[Opening Source data section]

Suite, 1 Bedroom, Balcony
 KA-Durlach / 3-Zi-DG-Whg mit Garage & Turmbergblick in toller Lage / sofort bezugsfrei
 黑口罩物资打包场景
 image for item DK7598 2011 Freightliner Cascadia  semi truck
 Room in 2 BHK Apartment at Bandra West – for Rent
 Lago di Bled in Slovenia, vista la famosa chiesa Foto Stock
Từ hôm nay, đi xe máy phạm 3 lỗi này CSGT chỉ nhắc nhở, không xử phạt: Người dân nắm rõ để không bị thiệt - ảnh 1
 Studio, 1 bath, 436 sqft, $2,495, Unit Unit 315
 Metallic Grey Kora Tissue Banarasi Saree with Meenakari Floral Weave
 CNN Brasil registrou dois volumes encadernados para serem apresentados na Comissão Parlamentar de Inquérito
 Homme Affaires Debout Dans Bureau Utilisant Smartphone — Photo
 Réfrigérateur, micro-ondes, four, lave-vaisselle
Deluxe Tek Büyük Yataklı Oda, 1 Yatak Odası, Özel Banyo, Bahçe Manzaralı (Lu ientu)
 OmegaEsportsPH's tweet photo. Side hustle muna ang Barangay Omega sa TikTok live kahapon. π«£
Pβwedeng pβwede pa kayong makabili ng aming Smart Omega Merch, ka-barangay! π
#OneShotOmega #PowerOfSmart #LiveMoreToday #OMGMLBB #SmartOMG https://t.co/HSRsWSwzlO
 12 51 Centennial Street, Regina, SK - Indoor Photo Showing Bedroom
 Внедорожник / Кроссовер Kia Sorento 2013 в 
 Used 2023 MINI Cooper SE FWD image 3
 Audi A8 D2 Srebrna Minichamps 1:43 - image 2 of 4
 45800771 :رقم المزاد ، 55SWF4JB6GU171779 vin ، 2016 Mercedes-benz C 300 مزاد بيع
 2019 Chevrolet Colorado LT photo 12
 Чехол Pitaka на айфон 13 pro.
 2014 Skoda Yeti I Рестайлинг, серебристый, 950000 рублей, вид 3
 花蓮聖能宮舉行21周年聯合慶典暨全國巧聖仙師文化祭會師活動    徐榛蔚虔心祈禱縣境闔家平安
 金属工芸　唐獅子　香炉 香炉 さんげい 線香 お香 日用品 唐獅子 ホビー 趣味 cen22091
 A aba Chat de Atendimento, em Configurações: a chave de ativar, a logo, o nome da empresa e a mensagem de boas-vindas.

[Closing Source data section]

What is required
Could you state how many lines of the entries contain the word "image"? Only the number is wanted.

Result of the task
3